§ EXERCISE REQUIREMENTS: The required output is an exact restatement of the lines, starting with the one that contains "Parmco 600mm 80" and finishing with the last line of the listing. It contains no pictures.

§ EXERCISE DATA:
------------------------------------
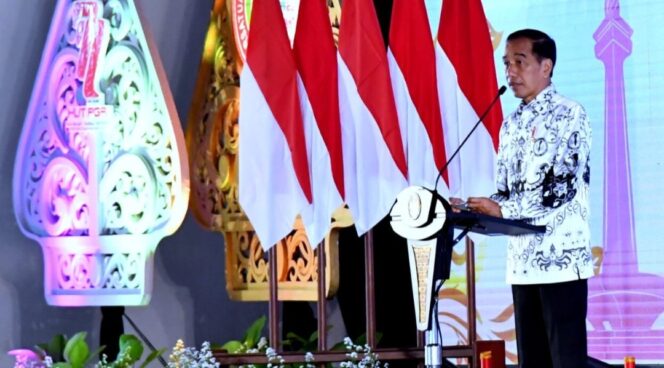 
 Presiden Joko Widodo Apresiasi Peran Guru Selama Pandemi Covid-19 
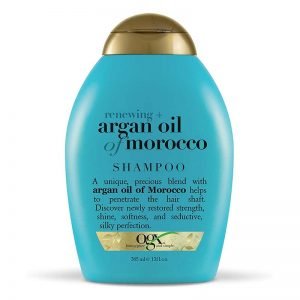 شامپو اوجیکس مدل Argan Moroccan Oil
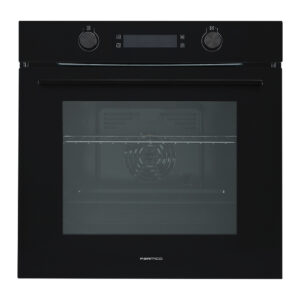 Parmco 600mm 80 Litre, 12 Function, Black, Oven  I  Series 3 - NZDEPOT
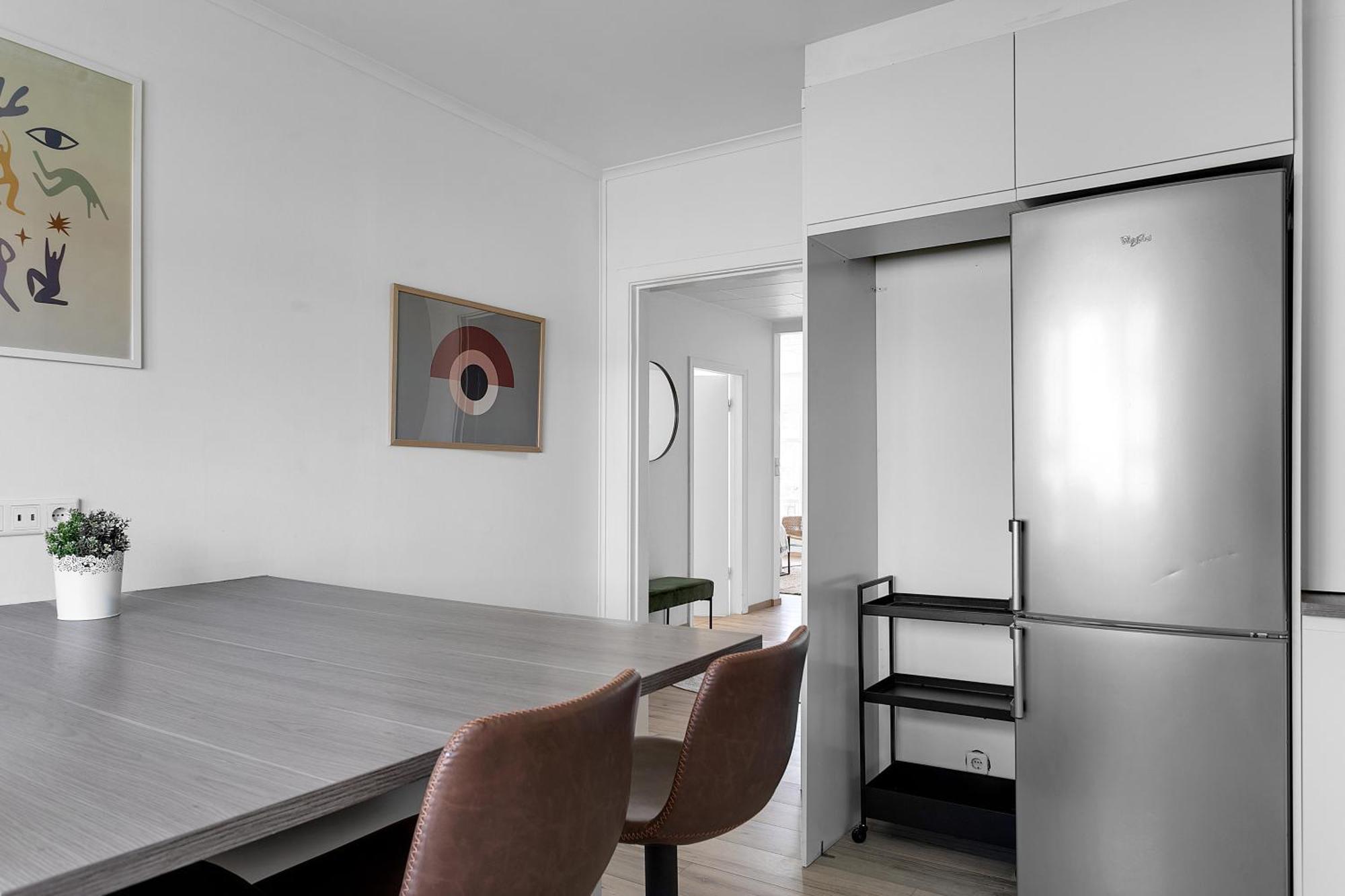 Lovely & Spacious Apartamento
------------------------------------
§ SOLVED PROBLEM:
 Parmco 600mm 80 Litre, 12 Function, Black, Oven  I  Series 3 - NZDEPOT
 Lovely & Spacious Apartamento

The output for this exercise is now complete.